• Exercise goal: Print the records exactly and in full, please; the pictures stay out.

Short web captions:
※ ※ ※
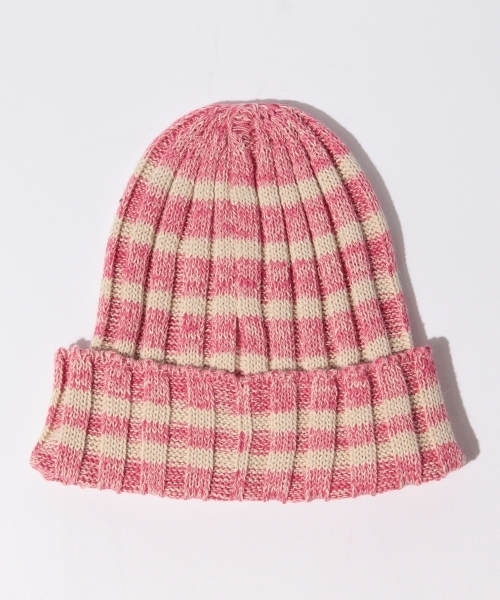 B:MING by BEAMS（ビーミングバイビームス）の「ビーミング by ビームス / ボーダーワッチキャップ 16SS（ニットキャップ/ビーニー・キッズ・オフホワイト/レッド系その他/ネイビー・MEDIUM/SMALL）」の17枚目の写真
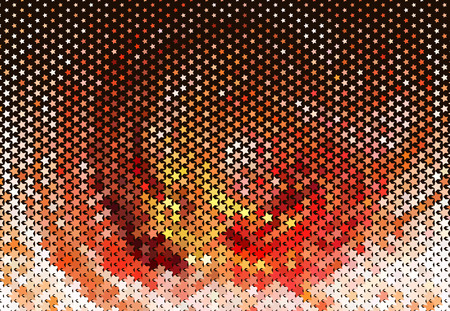 Abstract background with stars. Halftone effect. Vector clip art.のイラスト素材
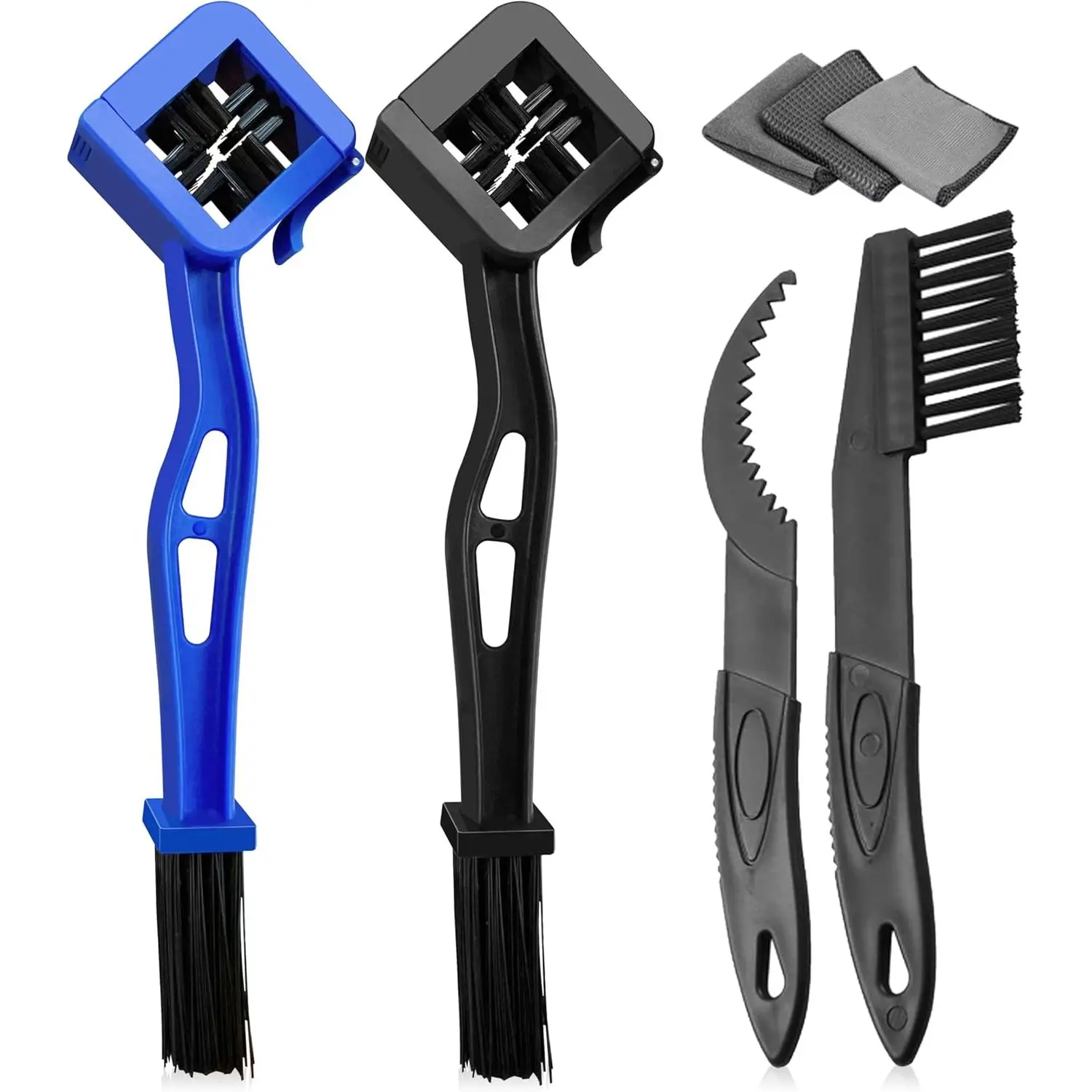 Bicycle Cleaning Brush, 7PCS Bicycle Chain Cleaning Tool Set,Bike Chain Crankset Brush,Bike Cleaner Brush Tools Bike Chain Cleaner Brush Suitable for All Bike
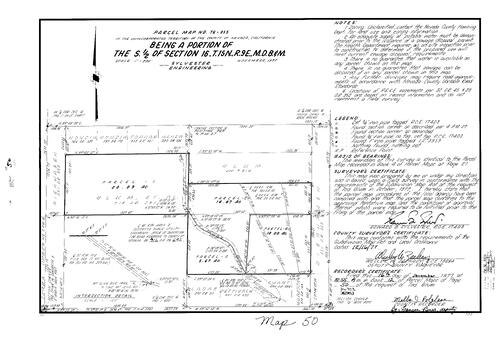 Click to see Parcel Map Book 12, pg. 50 (1977) of Nevada County Recorders Parcel Maps Book 12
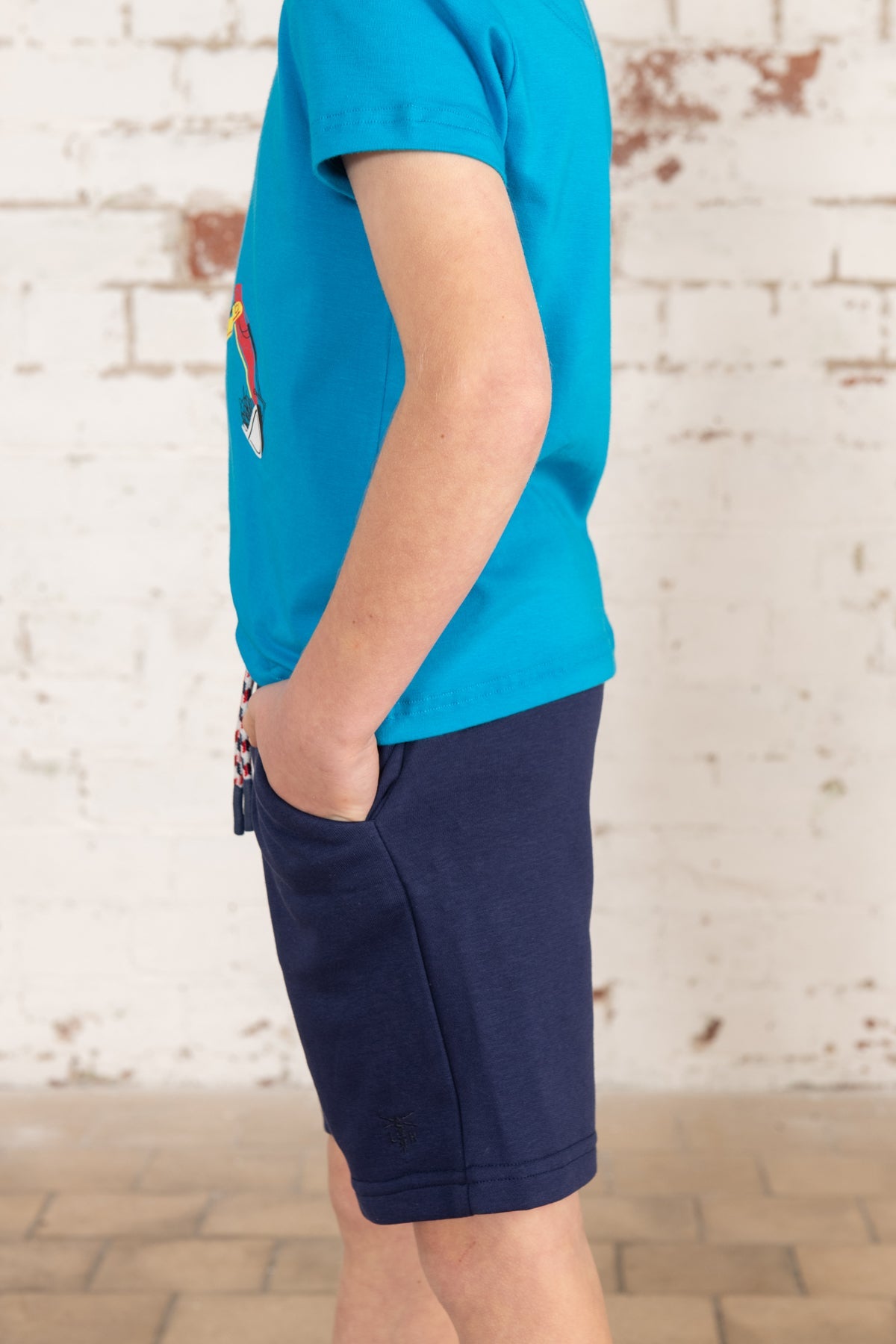 Louie Shorts - Navy-Lighthouse
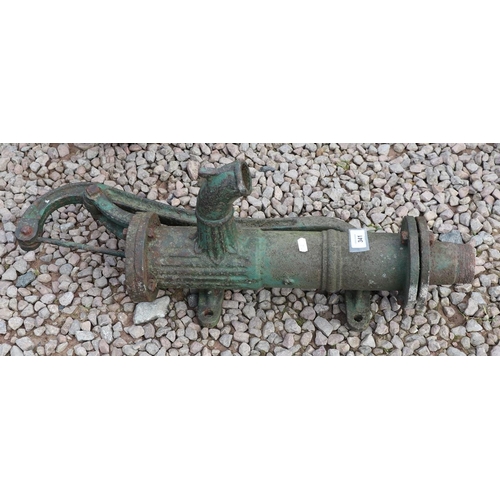 341 - Antique cast-iron water pump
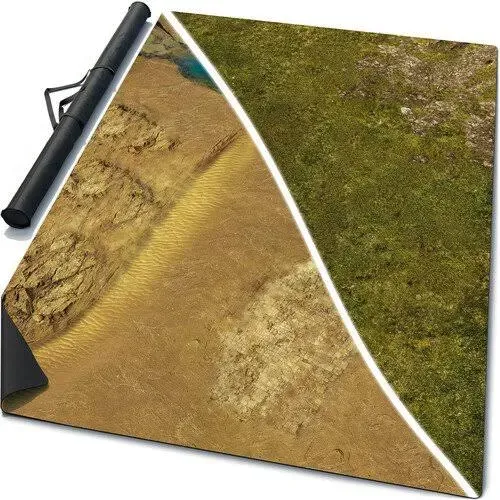 Warzone Studio 6’ x 4’ Double-Sided Rubber Battle Mat: Deserted Heart + Homeland + Bag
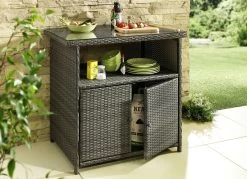 Praktisches Sideboard Für Garten Oder Terrasse -Deko Garten Verkauf praktisches sideboard fuer garten oder terrasse farbe grau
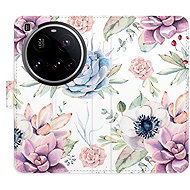 iSaprio Flip Case Succulents Pattern for Xiaomi 15 Ultra - Phone Case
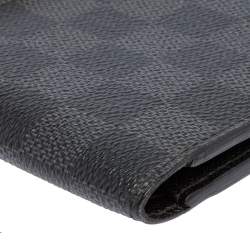 مملوكة مسبقًا Louis Vuitton Damier Graphite Canvas Multiple Bifold Wallet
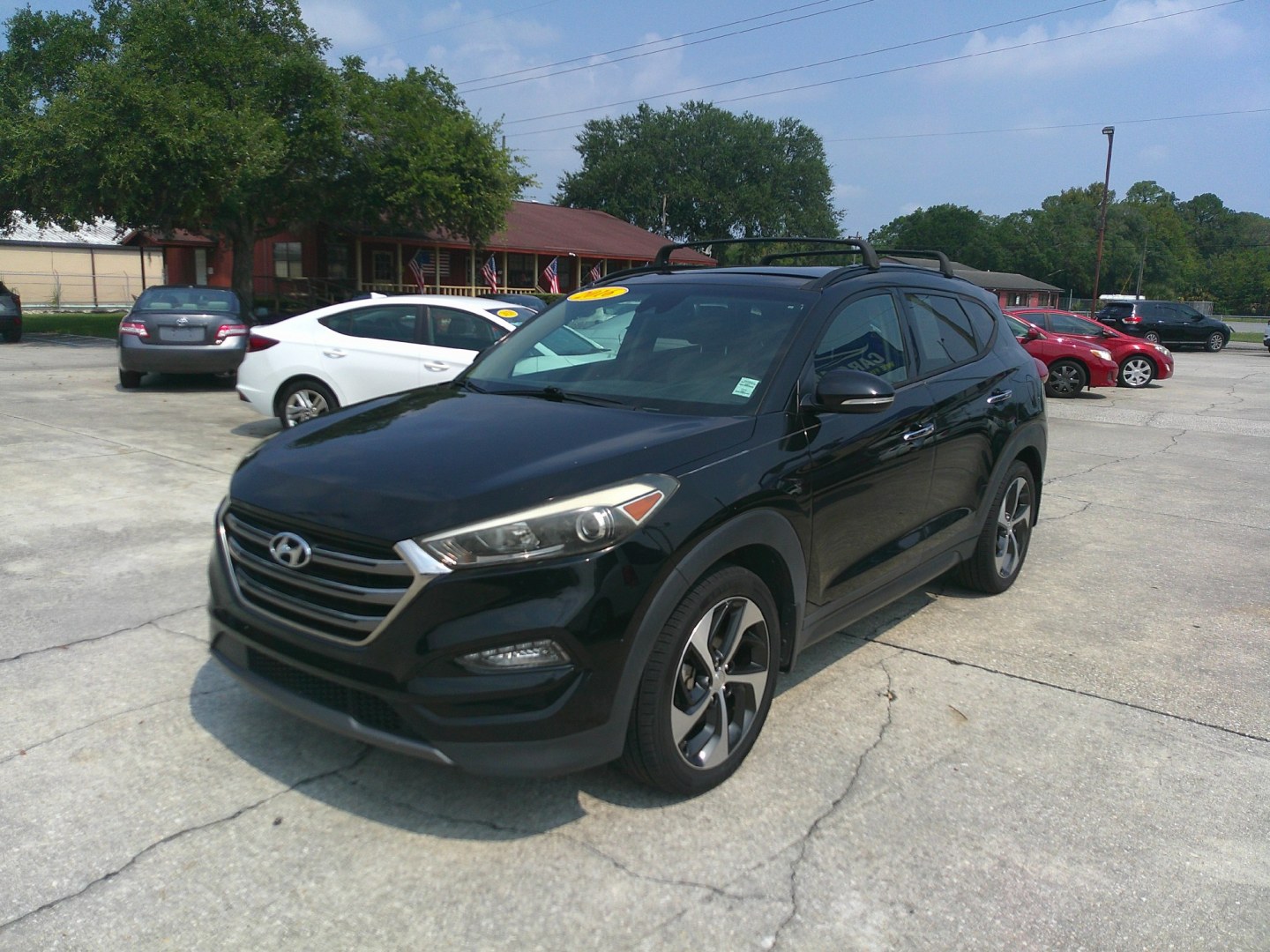 2016 BLACK HYUNDAI TUCSON LIMITED; SPOR (KM8J33A20GU) , located at 1200 Cassat Avenue, Jacksonville, FL, 32205, (904) 695-1885, 30.302404, -81.731033- Photo#1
※ ※ ※
• Finished task:
 B:MING by BEAMS（ビーミングバイビームス）の「ビーミング by ビームス / ボーダーワッチキャップ 16SS（ニットキャップ/ビーニー・キッズ・オフホワイト/レッド系その他/ネイビー・MEDIUM/SMALL）」の17枚目の写真
 Abstract background with stars. Halftone effect. Vector clip art.のイラスト素材
 Bicycle Cleaning Brush, 7PCS Bicycle Chain Cleaning Tool Set,Bike Chain Crankset Brush,Bike Cleaner Brush Tools Bike Chain Cleaner Brush Suitable for All Bike
 Click to see Parcel Map Book 12, pg. 50 (1977) of Nevada County Recorders Parcel Maps Book 12
 Louie Shorts - Navy-Lighthouse
 341 - Antique cast-iron water pump
 Warzone Studio 6’ x 4’ Double-Sided Rubber Battle Mat: Deserted Heart + Homeland + Bag
 Praktisches Sideboard Für Garten Oder Terrasse -Deko Garten Verkauf praktisches sideboard fuer garten oder terrasse farbe grau
 iSaprio Flip Case Succulents Pattern for Xiaomi 15 Ultra - Phone Case
 مملوكة مسبقًا Louis Vuitton Damier Graphite Canvas Multiple Bifold Wallet
 2016 BLACK HYUNDAI TUCSON LIMITED; SPOR (KM8J33A20GU) , located at 1200 Cassat Avenue, Jacksonville, FL, 32205, (904) 695-1885, 30.302404, -81.731033- Photo#1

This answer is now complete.